A new report by the Census Bureau shows nearly one in six U.S. workers was born outside the country, the highest percentage in 50 years. There are more foreign-born workers than ever, with 23.9 million listing a non-U.S. birthplace in 2007, the most recent year for which data is available.
As a proportion of the workforce, immigrants still don't hold as many jobs as they did a century ago. In 1910, during a wave of Eastern European immigration, more than one in five jobs, or 20.5 percent, were held by foreign-born workers.
Changes in immigration policy in the 1920s slammed the door on most new arrivals. By 1970, the percentage of foreign-born workers bottomed out at 5.2 percent. It's been trending up ever since thanks to a new wave of legal immigrants and a surge in undocumented ones.
Now, as the Obama administration prepares early next year to open a new debate on immigration reforms that would include a path to citizenship for 12 million illegal immigrants, the Census statistics provide likely fodder for advocates on both sides of the hot-button issue.
The numbers in the latest American Community Survey break out the foreign-born by whether they have become citizens but do not say anything about the legal status of those who are not. The Census isn't allowed to ask. Still, the findings do belie stereotypes, said Elizabeth Grieco, chief of immigration statistics at Census.
"Many people think that the foreign-born are only low-skilled workers. This isn't true; the foreign-born labor force contributes both highly skilled and low-skilled workers to the economy," she said.
While the foreign-born make up 16 percent of the total civilian labor force, 28 percent of workers with doctoral degrees were born outside the U.S. Among workers with professional and master's degrees, 17 percent and 16 percent, respectively, were foreign-born. Among them: Sergey Brin, co-founder of Google.
But non-natives undeniably cluster at the bottom of the workforce pool as well. Among low-skilled workers, the foreign-born made up 36 percent of the labor force with less than a high school diploma.
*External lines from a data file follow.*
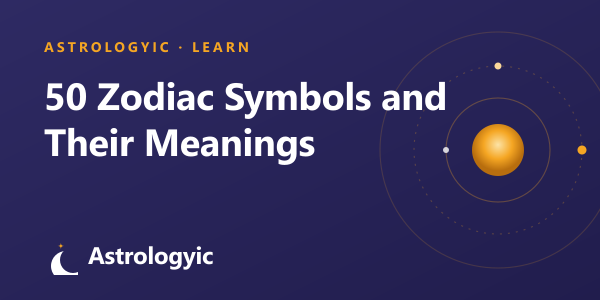 50 Zodiac Symbols and Their Meanings (2026)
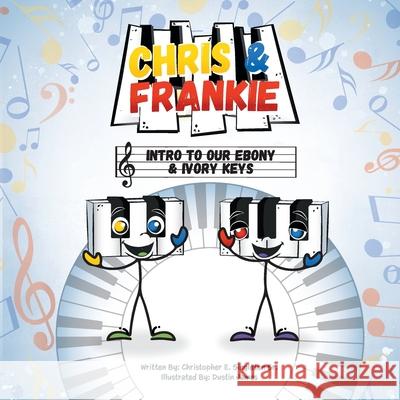 Chris & Frankie: Intro To Our Ebony & Ivory Keys Christopher Emmanuel Singleton Dustin James 9781737377917 Christopher E. Singleton Sr. - książka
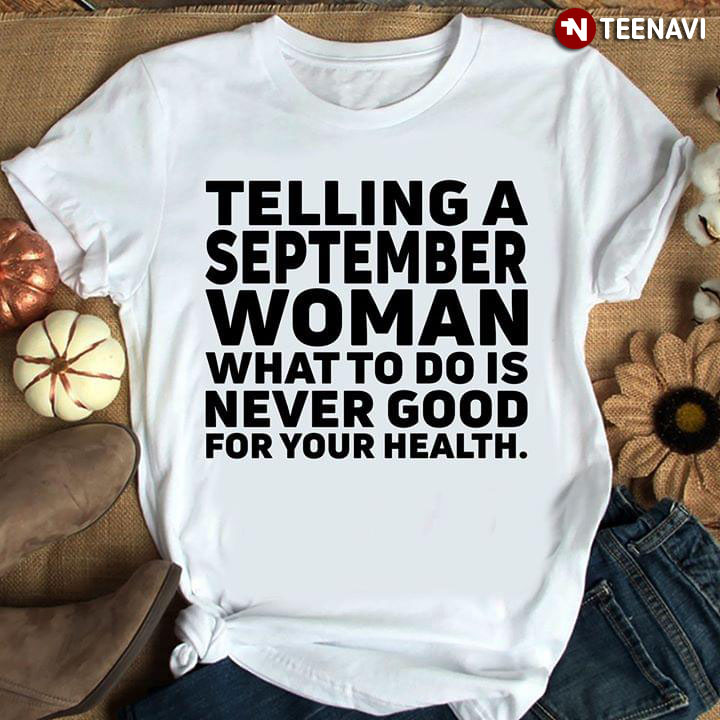 Telling A September Woman What To Do Is Never Good For Your Health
Asians remain the brainiest immigrant group. They made up a quarter of the foreign-born workforce but 55 percent of those immigrants with doctoral degrees. Europeans accounted for 11 percent of non-native workers but about another quarter of those with doctorates.
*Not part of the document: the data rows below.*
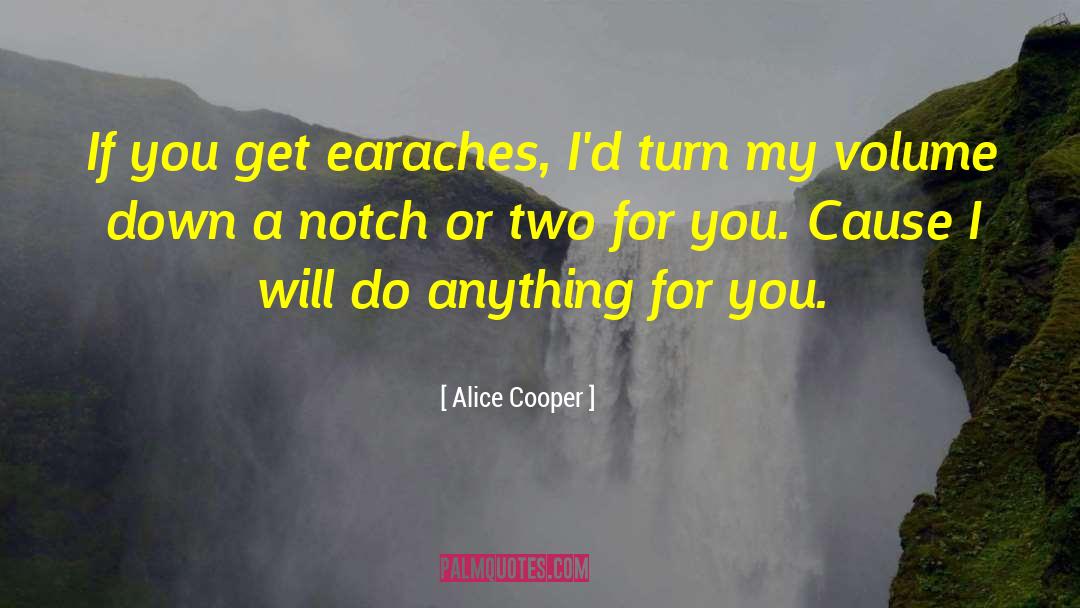 Alice Cooper Quotes: If you get earaches, I'd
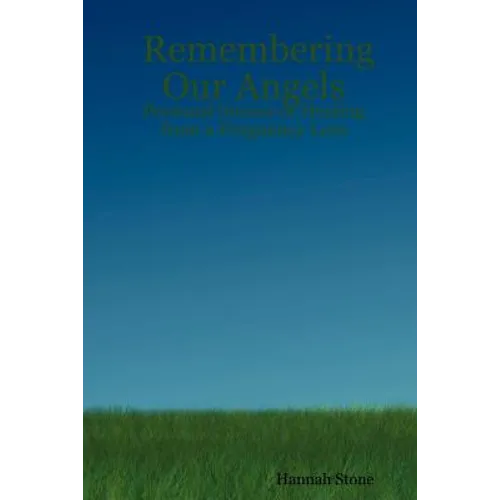 Remembering Our Angels: Personal Stories of Healing from a Pregnancy Loss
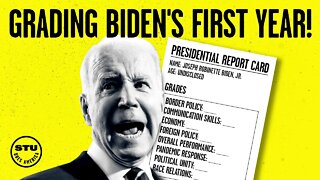 Grading Joe Biden on an … Interesting First Year in Office | Ep 422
The states with the fewest non-native workers:
"This gives us a glimpse of where we're going in the 21st century," said William Frey, a demographer at the Brookings Institution. "If anything, it understates the future implications ... because their children are going to be a big part of the labor force" as baby boomers retire and the recession eases.
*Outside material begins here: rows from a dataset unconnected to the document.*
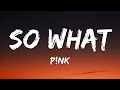 Download Lagu Pink - So What (Lyrics)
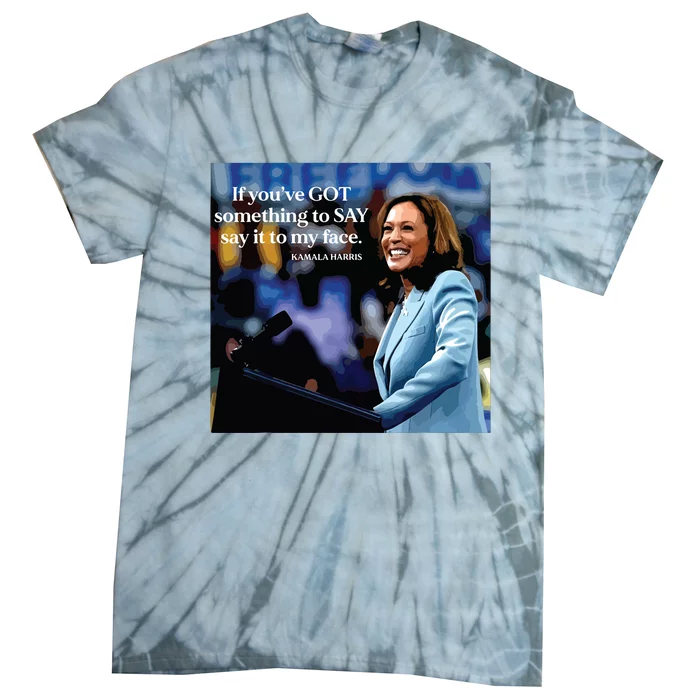 If Youve Got Something To Say It To My Face Kamala Harris Tie-Dye T-Shirt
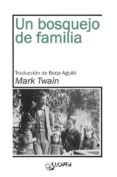 un bosquejo de familia-mark twain-9788417200091 un bosquejo de familia-mark twain-9788417200091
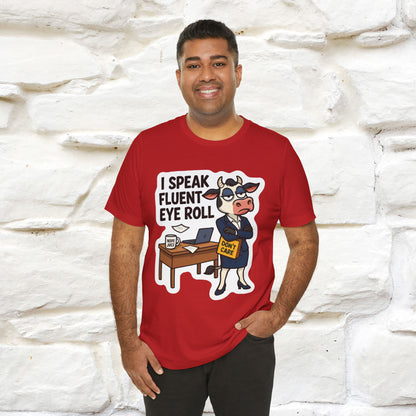 ''I Speak Fluent Eye Roll ''|  Sarcastic Cat T-Shirt | Nunu&Miao Studio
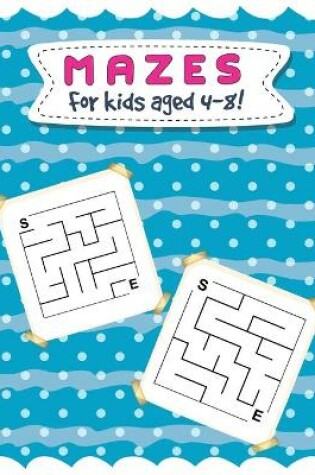 Cover of Mazes for Kids Aged 4-8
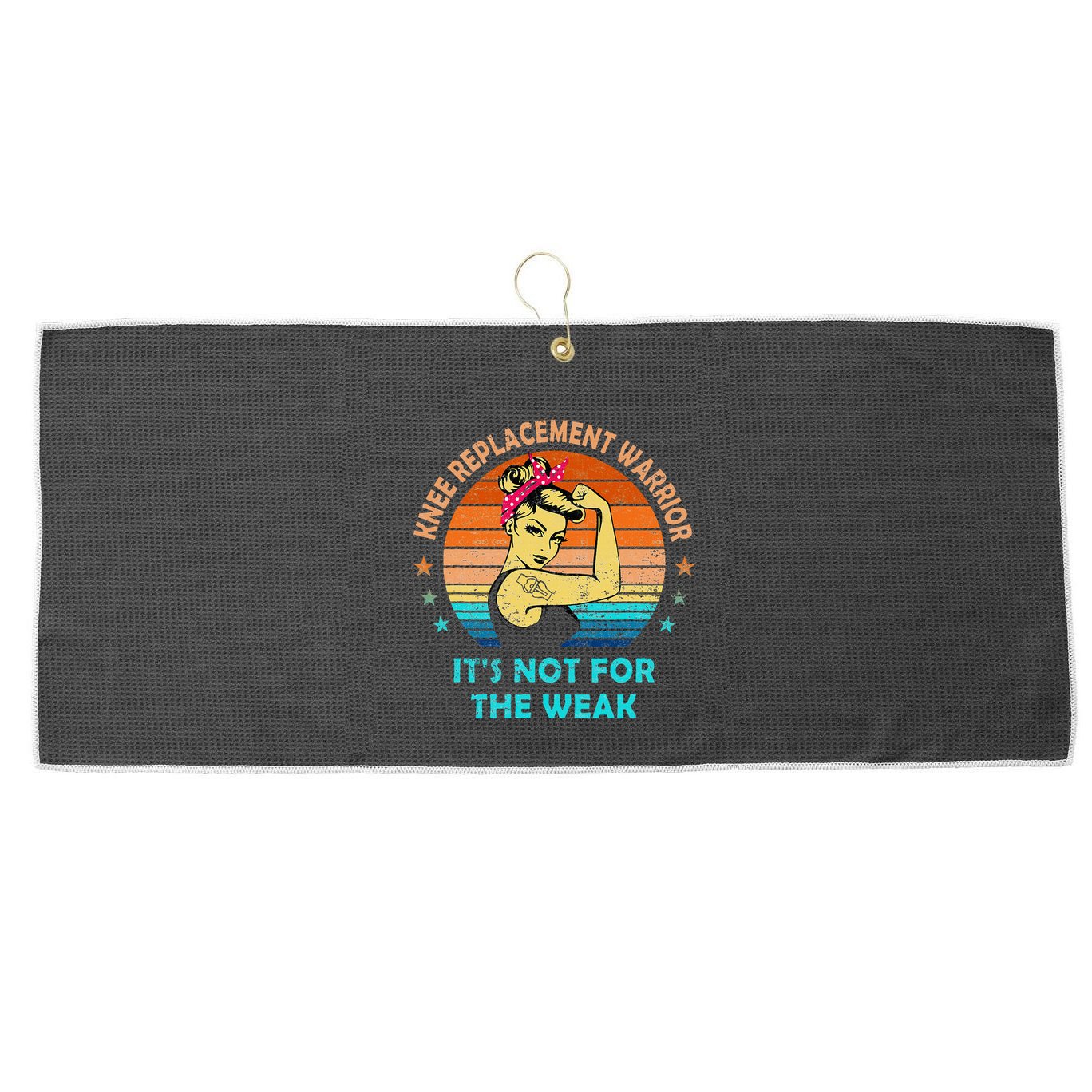 Knee Replacement Warrior ItS Not For The Weak Strong Women Large Microfiber Waffle Golf Towel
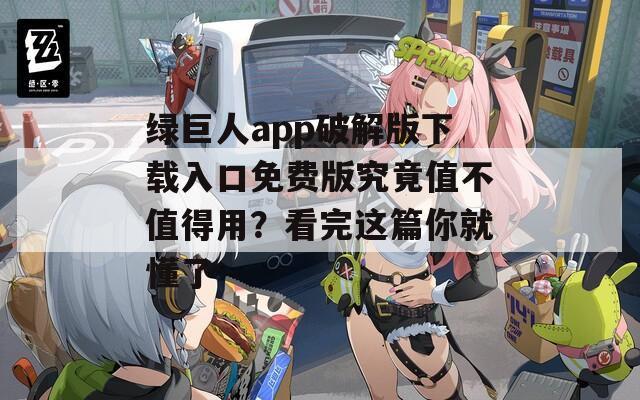 绿巨人app破解版下载入口免费版究竟值不值得用？看完这篇你就懂了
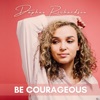 Be Courageous - Single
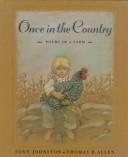 Cover of: Once in the country: poems of a farm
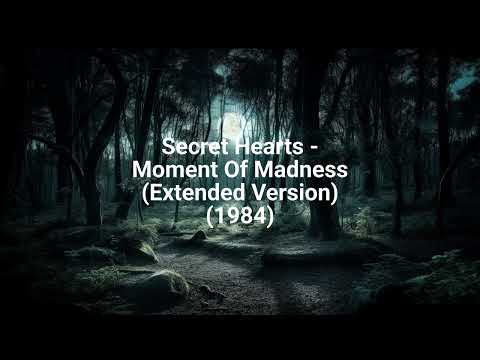 Secret Hearts - Moment Of Madness (Extended Version) (1984)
Ira Mehlman of the anti-immigration group FAIR said that the 2007 figures depict a labor force "at the peak of the bubble before the bubble burst" last year and don't take into account the millions of jobs lost in the current economic downturn. He said that foreign-born workers at both ends of the educational spectrum hurt Americans by driving down wages at the bottom and squeezing out native-born engineers and other high-tech workers at the top.